7. Prepare for the close and make it work after the deal.
Positioning the business so it is both attractive to buyers and ready to thrive after a transfer in ownership is one of the most crucial steps in the process, Goelzer’s Hirschfeld says. “You want to sell your company when the outlook is good.”
That involves such things as establishing a clear corporate governance, ensuring the practice is meeting all its regulatory compliance responsibilities, having a strong employee team in place and supported by a strong technological infrastructure, and having management incentives to retain key players in the practice. “They’re the ones who are most likely to buy out your business,” Hirschfeld says.
Early in the process, Hirschfeld says, it’s vital to perform due diligence on one’s own practice by assessing goals, strengths and weaknesses, market position, and factors that determine the attractiveness of the practice to prospective buyers or successors. Here’s where an objective third party can help. Firms like Hirschfeld’s specialize in succession planning and valuation. Oak Street Funding not only provides insurance agents with capital to build their businesses (such as by borrowing against future commissions), it performs valuations and structures and negotiates succession transactions.
Most succession deals ultimately hinge on the valuation of the practice. Often valuation is performed by an independent third party based on factors such as assets under management and the makeup and track record of the sales force, Hirschfeld says it’s important in valuing a practice to research what companies with similar profiles have been fetching on the market. In a majority of cases, practices are valued according to a discounted cash-flow model, explains Roame, which essentially forecasts a business’ ability to generate cash flow based on such factors as projected client retention (the extent to which the buyer expects to retain the practice’s clients), the cost structure of the practice and the discount rate applied to the noncash portion of the transaction.
Finding a match between buyer and seller is no small task. Buyers can be employees, partners or competitors, or they can be entities motivated by strategic synergies or pure profit. Historically, most buyers fall into the first three categories, according to Tiburon. These days, according to Tiburon’s research, parties looking to buy an advisory practice far outnumber those looking to sell a practice. Within five to 10 years, however, Roame says he expects sellers will outnumber buyers.
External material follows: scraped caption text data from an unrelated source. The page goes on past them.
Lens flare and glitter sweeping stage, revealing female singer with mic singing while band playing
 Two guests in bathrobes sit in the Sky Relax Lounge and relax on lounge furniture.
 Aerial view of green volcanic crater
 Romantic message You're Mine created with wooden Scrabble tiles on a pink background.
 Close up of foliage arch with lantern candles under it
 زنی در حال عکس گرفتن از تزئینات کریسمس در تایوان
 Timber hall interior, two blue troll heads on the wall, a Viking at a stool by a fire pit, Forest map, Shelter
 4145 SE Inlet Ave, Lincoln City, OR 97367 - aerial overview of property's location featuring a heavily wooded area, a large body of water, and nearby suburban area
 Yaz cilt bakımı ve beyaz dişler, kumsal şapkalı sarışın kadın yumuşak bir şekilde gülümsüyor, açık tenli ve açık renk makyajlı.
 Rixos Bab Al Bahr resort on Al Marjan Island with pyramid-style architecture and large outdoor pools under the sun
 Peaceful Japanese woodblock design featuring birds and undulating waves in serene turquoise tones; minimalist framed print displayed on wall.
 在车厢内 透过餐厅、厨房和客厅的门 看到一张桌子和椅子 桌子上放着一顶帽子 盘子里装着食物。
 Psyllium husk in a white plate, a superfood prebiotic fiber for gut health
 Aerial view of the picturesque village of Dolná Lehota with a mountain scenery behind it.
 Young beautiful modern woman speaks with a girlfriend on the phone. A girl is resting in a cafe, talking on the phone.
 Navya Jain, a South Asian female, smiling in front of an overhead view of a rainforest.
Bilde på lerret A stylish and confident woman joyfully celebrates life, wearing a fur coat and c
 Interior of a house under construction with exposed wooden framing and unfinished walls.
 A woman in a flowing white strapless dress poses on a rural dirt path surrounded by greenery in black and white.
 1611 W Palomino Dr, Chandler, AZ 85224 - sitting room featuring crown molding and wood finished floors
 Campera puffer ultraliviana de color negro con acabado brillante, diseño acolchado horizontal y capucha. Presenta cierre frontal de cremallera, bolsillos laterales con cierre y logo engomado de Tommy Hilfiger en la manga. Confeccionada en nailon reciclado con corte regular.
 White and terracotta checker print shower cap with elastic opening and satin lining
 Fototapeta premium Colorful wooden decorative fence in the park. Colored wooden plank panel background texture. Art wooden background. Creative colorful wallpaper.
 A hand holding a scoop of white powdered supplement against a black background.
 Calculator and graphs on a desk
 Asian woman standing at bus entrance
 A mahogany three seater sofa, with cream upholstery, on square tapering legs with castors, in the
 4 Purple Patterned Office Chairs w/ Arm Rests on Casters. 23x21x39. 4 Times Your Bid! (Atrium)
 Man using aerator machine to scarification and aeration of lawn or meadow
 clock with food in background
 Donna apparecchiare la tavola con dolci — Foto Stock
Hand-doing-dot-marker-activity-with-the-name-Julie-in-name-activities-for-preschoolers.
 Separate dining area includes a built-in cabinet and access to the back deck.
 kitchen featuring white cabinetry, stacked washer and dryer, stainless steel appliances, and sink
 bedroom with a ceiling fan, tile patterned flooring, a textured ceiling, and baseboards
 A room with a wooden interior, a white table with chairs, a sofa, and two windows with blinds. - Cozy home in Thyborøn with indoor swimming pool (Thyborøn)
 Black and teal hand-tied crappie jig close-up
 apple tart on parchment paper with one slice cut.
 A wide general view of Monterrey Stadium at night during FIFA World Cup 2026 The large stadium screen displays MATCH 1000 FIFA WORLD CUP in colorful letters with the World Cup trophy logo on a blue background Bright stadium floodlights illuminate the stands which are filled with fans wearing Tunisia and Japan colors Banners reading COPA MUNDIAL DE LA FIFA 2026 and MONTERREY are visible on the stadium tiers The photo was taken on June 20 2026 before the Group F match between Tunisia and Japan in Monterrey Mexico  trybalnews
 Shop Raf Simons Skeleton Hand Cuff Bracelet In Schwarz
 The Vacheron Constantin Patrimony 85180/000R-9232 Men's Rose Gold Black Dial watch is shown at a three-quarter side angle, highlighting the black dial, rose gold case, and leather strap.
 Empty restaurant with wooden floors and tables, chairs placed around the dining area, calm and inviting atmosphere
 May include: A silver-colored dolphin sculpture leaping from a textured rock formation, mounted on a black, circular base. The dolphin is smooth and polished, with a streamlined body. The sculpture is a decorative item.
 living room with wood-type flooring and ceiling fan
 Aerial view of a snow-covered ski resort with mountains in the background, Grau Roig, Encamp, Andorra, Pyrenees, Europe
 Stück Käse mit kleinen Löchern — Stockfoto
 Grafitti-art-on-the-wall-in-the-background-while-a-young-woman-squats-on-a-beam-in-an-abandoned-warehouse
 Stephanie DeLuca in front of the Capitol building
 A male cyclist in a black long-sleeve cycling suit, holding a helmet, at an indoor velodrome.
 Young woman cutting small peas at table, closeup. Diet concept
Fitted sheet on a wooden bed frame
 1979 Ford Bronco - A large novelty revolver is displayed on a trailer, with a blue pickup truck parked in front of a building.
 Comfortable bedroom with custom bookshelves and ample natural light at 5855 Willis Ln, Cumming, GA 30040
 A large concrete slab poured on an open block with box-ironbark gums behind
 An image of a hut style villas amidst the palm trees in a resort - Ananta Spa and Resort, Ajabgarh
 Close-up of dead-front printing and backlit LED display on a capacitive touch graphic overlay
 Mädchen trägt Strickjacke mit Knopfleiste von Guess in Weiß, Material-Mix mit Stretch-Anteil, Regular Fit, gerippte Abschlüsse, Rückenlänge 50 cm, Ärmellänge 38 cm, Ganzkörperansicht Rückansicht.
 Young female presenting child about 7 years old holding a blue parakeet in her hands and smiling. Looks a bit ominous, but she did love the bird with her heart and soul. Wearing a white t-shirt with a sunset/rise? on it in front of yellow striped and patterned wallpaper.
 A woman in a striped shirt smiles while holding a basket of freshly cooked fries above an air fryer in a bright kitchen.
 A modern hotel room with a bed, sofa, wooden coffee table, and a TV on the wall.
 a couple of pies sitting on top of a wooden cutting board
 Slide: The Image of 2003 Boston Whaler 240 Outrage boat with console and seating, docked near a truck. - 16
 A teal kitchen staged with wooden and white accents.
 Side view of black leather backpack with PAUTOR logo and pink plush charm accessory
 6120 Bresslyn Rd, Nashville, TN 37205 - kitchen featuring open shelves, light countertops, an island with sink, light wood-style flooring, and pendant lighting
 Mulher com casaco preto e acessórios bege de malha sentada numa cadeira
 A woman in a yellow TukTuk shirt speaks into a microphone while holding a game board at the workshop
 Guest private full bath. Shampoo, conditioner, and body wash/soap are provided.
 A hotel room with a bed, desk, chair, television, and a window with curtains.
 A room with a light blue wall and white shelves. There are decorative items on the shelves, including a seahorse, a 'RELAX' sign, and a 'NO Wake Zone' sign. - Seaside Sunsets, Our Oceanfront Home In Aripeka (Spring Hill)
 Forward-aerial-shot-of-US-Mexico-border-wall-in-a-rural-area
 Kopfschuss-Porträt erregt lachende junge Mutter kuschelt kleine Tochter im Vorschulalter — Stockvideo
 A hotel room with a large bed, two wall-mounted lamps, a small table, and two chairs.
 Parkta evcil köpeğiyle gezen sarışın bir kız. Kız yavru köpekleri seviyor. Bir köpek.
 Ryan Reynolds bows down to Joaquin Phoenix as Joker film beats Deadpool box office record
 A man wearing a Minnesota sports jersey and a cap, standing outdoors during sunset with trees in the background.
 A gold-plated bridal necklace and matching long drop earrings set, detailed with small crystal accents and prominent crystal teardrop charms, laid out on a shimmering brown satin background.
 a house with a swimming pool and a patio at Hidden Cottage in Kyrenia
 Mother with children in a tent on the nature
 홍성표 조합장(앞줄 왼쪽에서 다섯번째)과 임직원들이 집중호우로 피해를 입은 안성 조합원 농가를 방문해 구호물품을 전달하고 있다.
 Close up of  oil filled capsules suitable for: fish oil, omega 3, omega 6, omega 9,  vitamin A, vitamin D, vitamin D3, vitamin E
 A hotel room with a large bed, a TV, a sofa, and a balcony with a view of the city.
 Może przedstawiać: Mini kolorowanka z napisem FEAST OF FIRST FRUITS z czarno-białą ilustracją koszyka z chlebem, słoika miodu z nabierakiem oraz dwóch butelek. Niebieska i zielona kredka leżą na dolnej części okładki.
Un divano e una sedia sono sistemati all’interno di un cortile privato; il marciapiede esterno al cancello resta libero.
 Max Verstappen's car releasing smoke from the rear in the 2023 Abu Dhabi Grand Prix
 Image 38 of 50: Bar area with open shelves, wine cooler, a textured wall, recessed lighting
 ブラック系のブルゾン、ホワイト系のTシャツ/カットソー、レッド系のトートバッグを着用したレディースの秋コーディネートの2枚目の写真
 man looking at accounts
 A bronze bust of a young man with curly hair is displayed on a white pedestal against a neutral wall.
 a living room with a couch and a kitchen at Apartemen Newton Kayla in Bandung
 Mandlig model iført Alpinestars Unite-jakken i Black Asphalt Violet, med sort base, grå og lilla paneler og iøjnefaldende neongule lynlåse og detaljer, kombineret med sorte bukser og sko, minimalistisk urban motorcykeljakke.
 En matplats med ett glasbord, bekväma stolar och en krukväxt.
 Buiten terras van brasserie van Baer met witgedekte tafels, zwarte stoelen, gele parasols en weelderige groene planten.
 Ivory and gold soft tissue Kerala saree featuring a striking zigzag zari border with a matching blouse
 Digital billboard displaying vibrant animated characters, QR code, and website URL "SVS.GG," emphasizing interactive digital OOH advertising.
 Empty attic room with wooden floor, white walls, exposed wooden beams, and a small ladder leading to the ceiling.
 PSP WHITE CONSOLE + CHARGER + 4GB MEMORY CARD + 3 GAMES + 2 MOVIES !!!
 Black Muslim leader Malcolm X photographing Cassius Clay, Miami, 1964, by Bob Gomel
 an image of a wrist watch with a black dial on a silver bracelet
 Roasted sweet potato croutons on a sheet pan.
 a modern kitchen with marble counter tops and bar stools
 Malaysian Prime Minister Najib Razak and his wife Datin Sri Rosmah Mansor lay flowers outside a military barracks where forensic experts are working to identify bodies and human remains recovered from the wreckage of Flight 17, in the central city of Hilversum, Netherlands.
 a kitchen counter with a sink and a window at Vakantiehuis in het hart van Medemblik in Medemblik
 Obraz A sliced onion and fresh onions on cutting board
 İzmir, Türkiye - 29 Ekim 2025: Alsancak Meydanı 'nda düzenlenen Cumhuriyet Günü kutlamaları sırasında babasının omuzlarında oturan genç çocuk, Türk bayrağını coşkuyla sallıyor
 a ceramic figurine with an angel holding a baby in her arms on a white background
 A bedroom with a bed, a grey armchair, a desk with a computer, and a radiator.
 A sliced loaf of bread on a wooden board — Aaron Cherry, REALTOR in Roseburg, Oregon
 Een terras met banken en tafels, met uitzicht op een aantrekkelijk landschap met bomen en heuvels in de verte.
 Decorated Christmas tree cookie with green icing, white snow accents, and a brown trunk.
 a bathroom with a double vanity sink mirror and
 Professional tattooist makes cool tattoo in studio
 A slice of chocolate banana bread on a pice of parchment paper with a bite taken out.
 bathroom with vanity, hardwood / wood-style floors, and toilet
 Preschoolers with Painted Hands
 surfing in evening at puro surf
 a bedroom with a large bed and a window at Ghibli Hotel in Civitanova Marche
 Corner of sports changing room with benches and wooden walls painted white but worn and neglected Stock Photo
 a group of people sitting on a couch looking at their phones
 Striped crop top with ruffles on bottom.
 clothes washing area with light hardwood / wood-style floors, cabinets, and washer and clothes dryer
Once a match is in place, there’s the matter of negotiating and structuring the transaction. “How you structure the deal can be more important than the price,” Hirschfeld points out. Will it be a pure cash deal? Will a seller-subordinated note be involved? Will the transaction include an earn-out provision? What are the income tax and capital gains tax ramifications for the buyer and seller? How are the interests of buyer and seller protected in case of underperformance, misrepresentation or fraud? If it’s a struggle to answer those questions, he suggests calling upon an objective third party with a firm grasp of the legal and tax considerations associated with succession-type transactions.
While no two deals are structured exactly the same, many tend to involve an upfront cash payment for some portion of the practice’s value, with the balance financed via an earn-out provision. The fairest, most favorable outcomes often come from transactions in which the departing owner stays onboard for a period of time to smooth the transition, Roame notes.
Tiburon found that negotiations tend to unfold according to a 10-step process:
1. Sign a confidentiality agreement.
2. Review financial statements, client base and work products.
3. Examine cultural issues.
4. Negotiate price and terms.
5. Draft a letter of intent.
6. Complete a legal document review, purchase audit and other due diligence.
7. Determine appropriate purchase methodology.
8. Negotiate nonfinancial issues.
9. Discuss reactions to all scenarios.
10. Get a well-written purchase agreement.
Once the transaction closes, then the heavy lifting really begins. For, according to Tiburon, many advisors who have gone through the process report “that the sale and all of its valuations, legal issues, negotiations, etc., was the easy part. It was the integration of the firms after the sale that was most challenging.”